**What you need to do**: Return the run of lines below that opens with the line containing "Platte bak Mercedes-Benz 2545" and closes with the line containing "2024 Jaguar F-Pace - Image 8 of 16", keeping each one exact.

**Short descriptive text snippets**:
________________________

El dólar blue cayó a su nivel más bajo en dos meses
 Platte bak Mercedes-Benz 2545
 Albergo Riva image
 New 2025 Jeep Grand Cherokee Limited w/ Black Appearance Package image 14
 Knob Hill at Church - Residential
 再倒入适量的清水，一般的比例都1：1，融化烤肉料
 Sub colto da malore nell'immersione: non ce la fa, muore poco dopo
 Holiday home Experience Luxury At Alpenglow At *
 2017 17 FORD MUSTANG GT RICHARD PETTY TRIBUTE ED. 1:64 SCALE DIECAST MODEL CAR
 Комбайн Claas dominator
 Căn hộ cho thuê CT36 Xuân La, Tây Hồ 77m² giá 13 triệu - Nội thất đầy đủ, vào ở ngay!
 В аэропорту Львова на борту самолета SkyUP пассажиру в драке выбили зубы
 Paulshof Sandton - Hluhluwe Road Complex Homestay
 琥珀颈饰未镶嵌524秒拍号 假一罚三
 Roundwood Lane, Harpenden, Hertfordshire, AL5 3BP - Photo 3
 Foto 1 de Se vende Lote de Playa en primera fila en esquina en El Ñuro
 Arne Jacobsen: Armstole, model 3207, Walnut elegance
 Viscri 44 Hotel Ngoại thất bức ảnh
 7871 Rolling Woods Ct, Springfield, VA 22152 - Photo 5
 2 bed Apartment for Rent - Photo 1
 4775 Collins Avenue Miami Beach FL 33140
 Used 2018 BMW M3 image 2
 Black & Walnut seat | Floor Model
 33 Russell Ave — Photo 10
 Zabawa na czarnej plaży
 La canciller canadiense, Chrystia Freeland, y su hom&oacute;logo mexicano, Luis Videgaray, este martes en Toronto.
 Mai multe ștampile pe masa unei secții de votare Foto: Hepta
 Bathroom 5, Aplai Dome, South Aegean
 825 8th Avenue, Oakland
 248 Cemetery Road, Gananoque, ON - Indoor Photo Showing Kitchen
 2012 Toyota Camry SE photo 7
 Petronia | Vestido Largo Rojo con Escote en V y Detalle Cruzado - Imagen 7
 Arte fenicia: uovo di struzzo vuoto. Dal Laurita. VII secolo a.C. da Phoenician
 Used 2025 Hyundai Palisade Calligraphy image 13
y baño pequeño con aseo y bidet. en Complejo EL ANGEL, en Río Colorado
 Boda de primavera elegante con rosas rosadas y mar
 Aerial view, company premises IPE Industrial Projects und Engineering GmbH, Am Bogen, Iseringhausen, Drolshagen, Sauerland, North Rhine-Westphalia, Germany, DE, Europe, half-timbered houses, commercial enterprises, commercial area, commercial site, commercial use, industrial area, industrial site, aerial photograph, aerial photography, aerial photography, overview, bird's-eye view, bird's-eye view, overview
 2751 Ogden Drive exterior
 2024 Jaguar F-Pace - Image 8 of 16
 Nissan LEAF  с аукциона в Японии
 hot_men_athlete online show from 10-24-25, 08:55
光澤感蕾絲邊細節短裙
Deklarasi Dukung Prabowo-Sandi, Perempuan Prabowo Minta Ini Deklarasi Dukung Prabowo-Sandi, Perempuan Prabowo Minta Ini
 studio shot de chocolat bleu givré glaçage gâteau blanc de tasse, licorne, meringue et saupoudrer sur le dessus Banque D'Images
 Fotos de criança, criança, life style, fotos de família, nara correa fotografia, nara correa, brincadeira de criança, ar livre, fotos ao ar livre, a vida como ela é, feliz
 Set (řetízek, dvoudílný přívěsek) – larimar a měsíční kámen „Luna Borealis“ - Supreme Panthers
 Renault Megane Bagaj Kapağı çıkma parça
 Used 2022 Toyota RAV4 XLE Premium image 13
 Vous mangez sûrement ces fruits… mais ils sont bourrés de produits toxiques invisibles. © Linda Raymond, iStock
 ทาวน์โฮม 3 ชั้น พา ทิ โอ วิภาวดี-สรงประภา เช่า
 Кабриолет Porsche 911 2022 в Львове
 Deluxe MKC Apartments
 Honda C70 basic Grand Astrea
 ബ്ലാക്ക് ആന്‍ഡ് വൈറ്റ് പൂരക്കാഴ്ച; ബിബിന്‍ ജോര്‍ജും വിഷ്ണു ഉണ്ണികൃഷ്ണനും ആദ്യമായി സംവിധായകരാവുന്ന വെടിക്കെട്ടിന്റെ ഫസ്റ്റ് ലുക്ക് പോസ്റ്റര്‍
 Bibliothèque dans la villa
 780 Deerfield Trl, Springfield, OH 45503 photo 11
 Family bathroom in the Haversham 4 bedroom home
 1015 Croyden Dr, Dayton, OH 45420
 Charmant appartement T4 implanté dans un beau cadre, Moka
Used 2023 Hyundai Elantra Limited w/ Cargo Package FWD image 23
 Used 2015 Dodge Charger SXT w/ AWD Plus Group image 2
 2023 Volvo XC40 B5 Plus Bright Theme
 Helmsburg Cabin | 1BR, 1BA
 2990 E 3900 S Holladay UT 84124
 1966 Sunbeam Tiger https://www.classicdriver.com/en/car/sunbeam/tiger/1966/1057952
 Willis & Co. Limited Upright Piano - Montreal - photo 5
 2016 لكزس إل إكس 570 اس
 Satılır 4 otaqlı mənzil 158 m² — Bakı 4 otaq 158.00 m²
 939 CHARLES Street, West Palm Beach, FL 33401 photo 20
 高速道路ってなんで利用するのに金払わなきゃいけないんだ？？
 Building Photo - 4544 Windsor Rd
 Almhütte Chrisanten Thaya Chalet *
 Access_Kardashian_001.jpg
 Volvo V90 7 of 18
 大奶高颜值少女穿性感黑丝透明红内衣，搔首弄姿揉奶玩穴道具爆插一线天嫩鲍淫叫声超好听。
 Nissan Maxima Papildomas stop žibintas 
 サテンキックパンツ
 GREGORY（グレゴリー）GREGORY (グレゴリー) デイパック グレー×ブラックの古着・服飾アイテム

________________________

**Written answer**:
 Platte bak Mercedes-Benz 2545
 Albergo Riva image
 New 2025 Jeep Grand Cherokee Limited w/ Black Appearance Package image 14
 Knob Hill at Church - Residential
 再倒入适量的清水，一般的比例都1：1，融化烤肉料
 Sub colto da malore nell'immersione: non ce la fa, muore poco dopo
 Holiday home Experience Luxury At Alpenglow At *
 2017 17 FORD MUSTANG GT RICHARD PETTY TRIBUTE ED. 1:64 SCALE DIECAST MODEL CAR
 Комбайн Claas dominator
 Căn hộ cho thuê CT36 Xuân La, Tây Hồ 77m² giá 13 triệu - Nội thất đầy đủ, vào ở ngay!
 В аэропорту Львова на борту самолета SkyUP пассажиру в драке выбили зубы
 Paulshof Sandton - Hluhluwe Road Complex Homestay
 琥珀颈饰未镶嵌524秒拍号 假一罚三
 Roundwood Lane, Harpenden, Hertfordshire, AL5 3BP - Photo 3
 Foto 1 de Se vende Lote de Playa en primera fila en esquina en El Ñuro
 Arne Jacobsen: Armstole, model 3207, Walnut elegance
 Viscri 44 Hotel Ngoại thất bức ảnh
 7871 Rolling Woods Ct, Springfield, VA 22152 - Photo 5
 2 bed Apartment for Rent - Photo 1
 4775 Collins Avenue Miami Beach FL 33140
 Used 2018 BMW M3 image 2
 Black & Walnut seat | Floor Model
 33 Russell Ave — Photo 10
 Zabawa na czarnej plaży
 La canciller canadiense, Chrystia Freeland, y su hom&oacute;logo mexicano, Luis Videgaray, este martes en Toronto.
 Mai multe ștampile pe masa unei secții de votare Foto: Hepta
 Bathroom 5, Aplai Dome, South Aegean
 825 8th Avenue, Oakland
 248 Cemetery Road, Gananoque, ON - Indoor Photo Showing Kitchen
 2012 Toyota Camry SE photo 7
 Petronia | Vestido Largo Rojo con Escote en V y Detalle Cruzado - Imagen 7
 Arte fenicia: uovo di struzzo vuoto. Dal Laurita. VII secolo a.C. da Phoenician
 Used 2025 Hyundai Palisade Calligraphy image 13
y baño pequeño con aseo y bidet. en Complejo EL ANGEL, en Río Colorado
 Boda de primavera elegante con rosas rosadas y mar
 Aerial view, company premises IPE Industrial Projects und Engineering GmbH, Am Bogen, Iseringhausen, Drolshagen, Sauerland, North Rhine-Westphalia, Germany, DE, Europe, half-timbered houses, commercial enterprises, commercial area, commercial site, commercial use, industrial area, industrial site, aerial photograph, aerial photography, aerial photography, overview, bird's-eye view, bird's-eye view, overview
 2751 Ogden Drive exterior
 2024 Jaguar F-Pace - Image 8 of 16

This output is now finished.